● Directions for this task
In the records below, find the line holding "Yellow Mushroom Lamp"; copy it and every line after it to the end, omitting all images.

[Collected data entries]
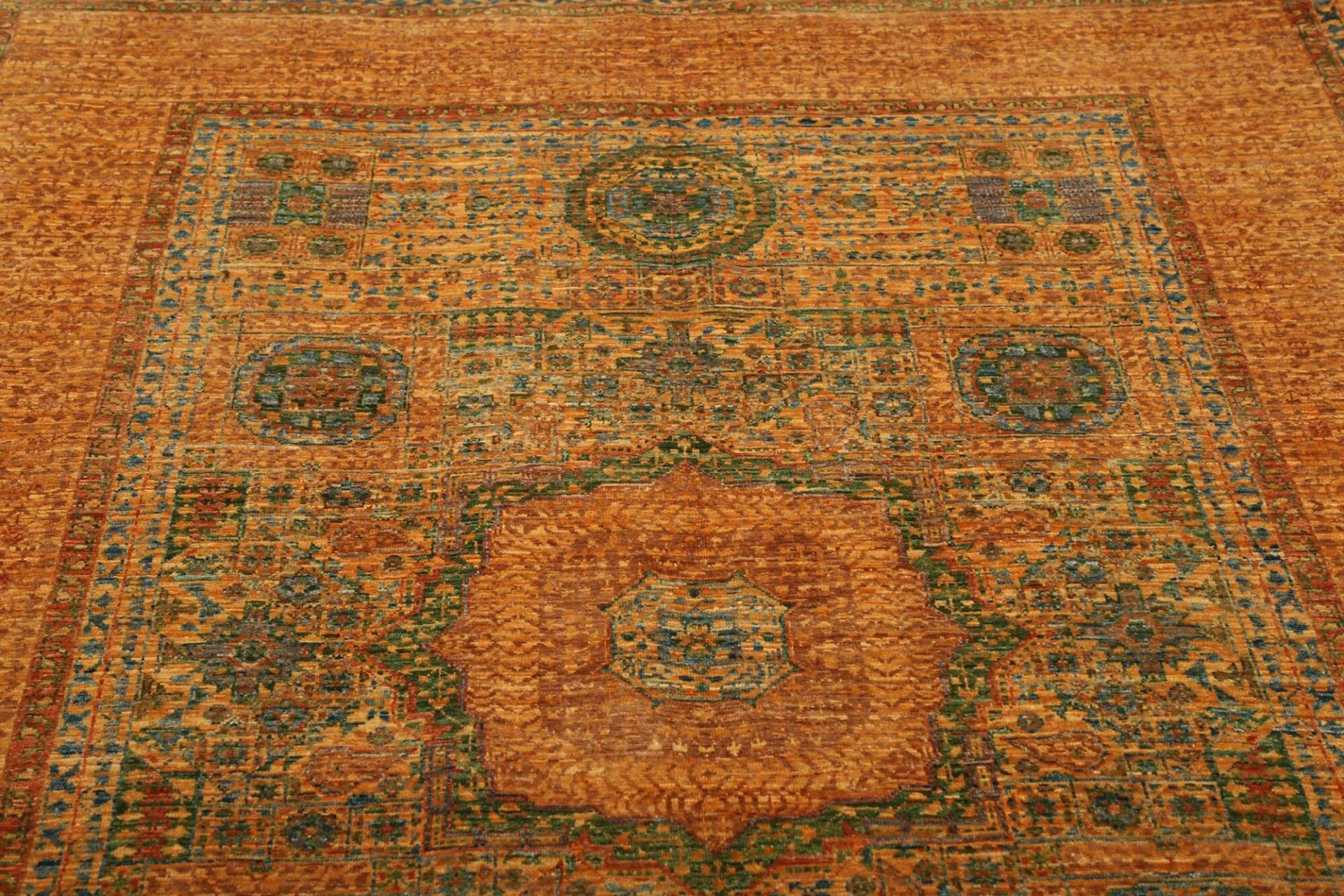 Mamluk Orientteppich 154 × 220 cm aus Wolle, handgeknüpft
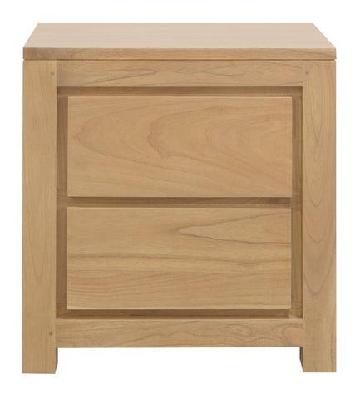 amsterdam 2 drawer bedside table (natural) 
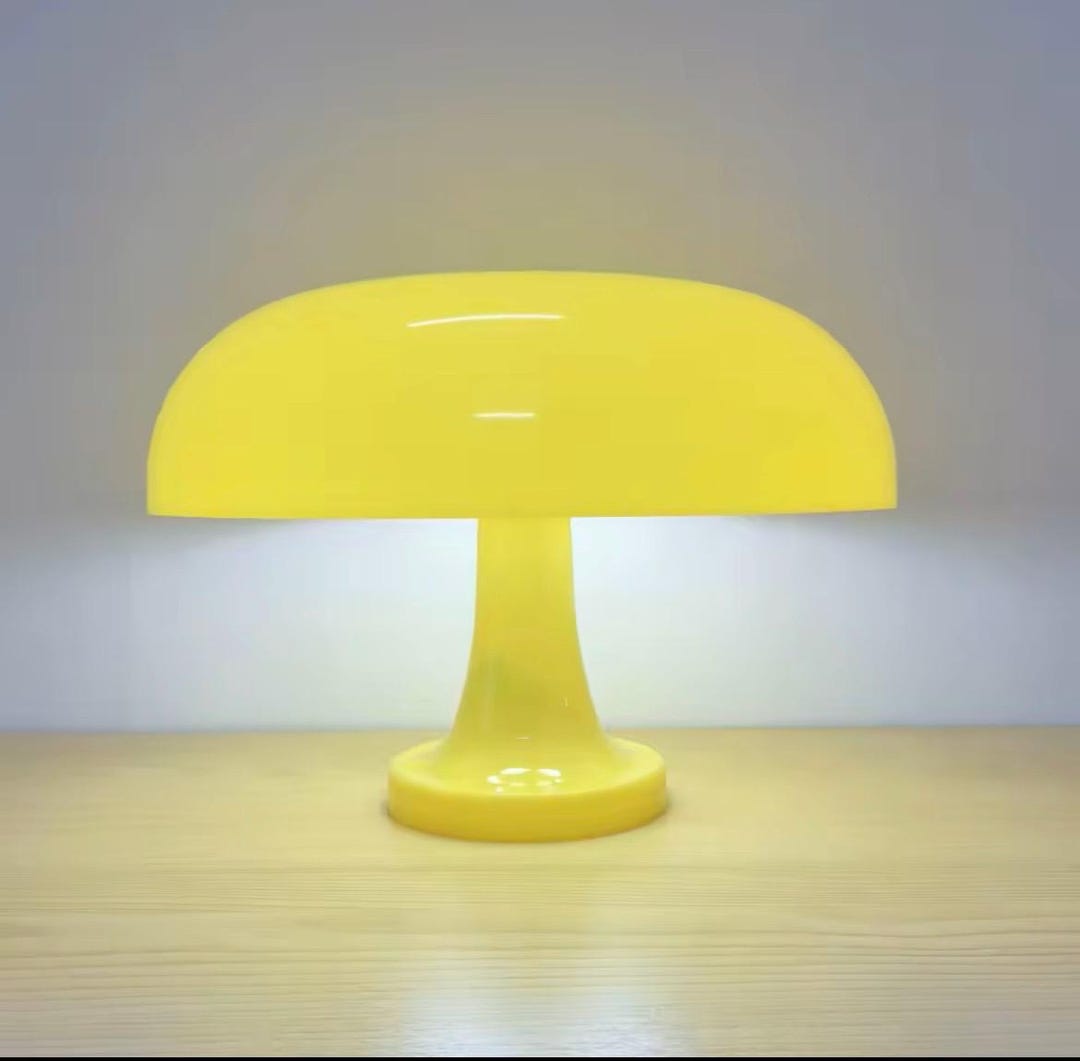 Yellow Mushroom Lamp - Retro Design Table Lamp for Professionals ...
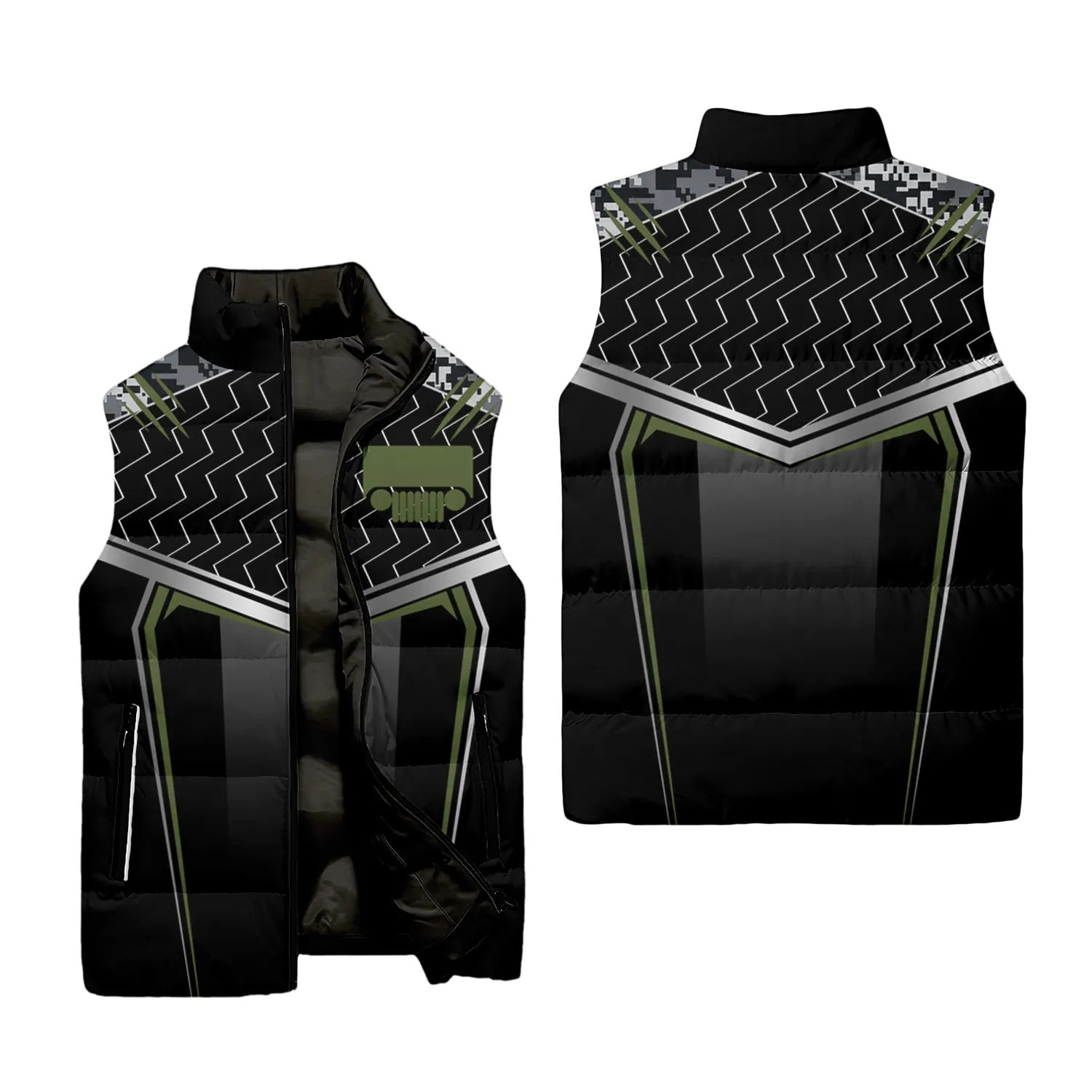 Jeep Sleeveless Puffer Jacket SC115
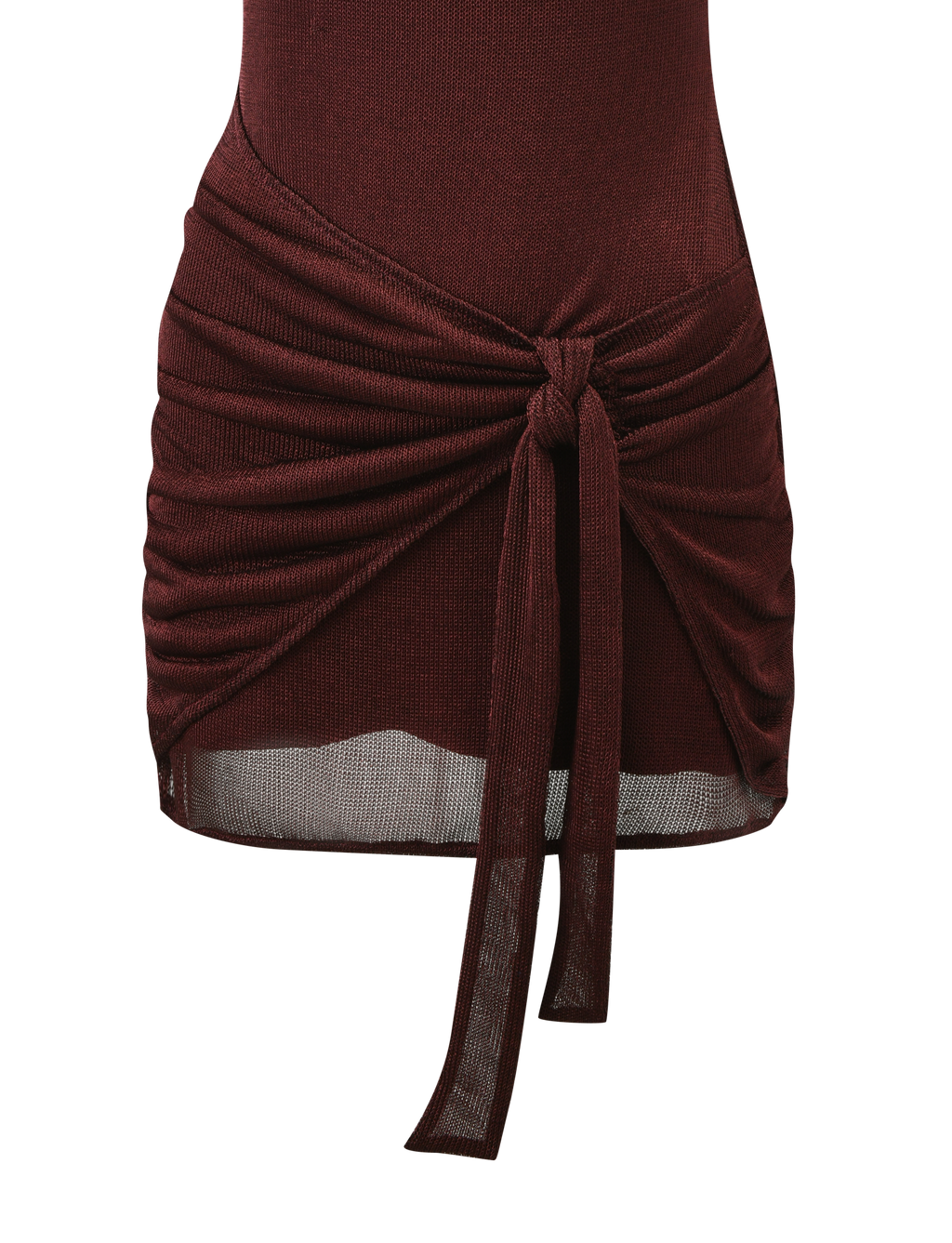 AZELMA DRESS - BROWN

● Problem solution
 Yellow Mushroom Lamp - Retro Design Table Lamp for Professionals ...
 Jeep Sleeveless Puffer Jacket SC115
 AZELMA DRESS - BROWN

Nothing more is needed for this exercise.